# Crumbed chicken strips with barbeque sauce



## Mouwa Luuli (Apr 21, 2013)

How do you prepare crumbed chicken strips with a barbeque sauce?


----------



## buckytom (Apr 22, 2013)

i'm not sure what crumbled chicken strips are, mou.

crumbled are small or shorter bits, and strips are longer pieces. can you describe them more for us?

does crumbled mean the coating on the strips?


----------



## GotGarlic (Apr 22, 2013)

I think the OP means breaded (crumbed) chicken - I've seen Snip and Kylie refer to it that way. 
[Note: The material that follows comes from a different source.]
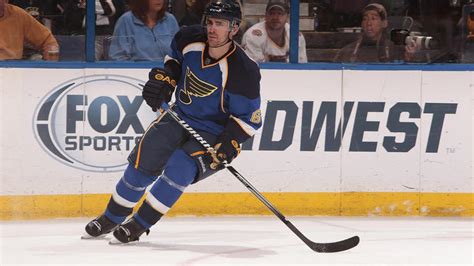 Trade Redden To Boston Nbc Sports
Take three bowls. Put a cup of flour in one, two beaten eggs in the second,  and a cup of breadcrumbs in the third. You can season these, if you like, with salt, pepper,  and/or other herbs and spices.  Then take your chicken and coat it in each ingredient in the order above, shaking off any excess. Then you can bake the chicken at 425 degrees F for 15 minutes or brown it on both sides in a skillet with warmed oil. Hth.


----------



## jabbur (Apr 22, 2013)

GotGarlic has the right procedure for breading (crumbing) the chicken.  If you want to have them with BBQ sauce too there are two ways I would tackle that.  The easiest is to just have the BBQ sauce to pour on the plate for dipping.  Or if you want it baked on, drizzle or lightly brush it on the chicken but you'd want to bake it a bit first to get the coating to set.  You can also add seasonings to your breadcrumbs that could give it a BBQ flavor but it wouldn't be saucy.


----------



## CraigC (Apr 22, 2013)

If you like spicy, slice your chicken into strips, then sprinkle the strips with onion powder, garlic powder and cayenne pepper. Mix to evenly coat and set aside for 30 minutes. I like to reinforce the spices in the flour as well. I'll actually just use the flour to coat and then pan fry, but you can flour, egg wash and crumb before baking or frying. Its all good! Might not need the BBQ sauce.


----------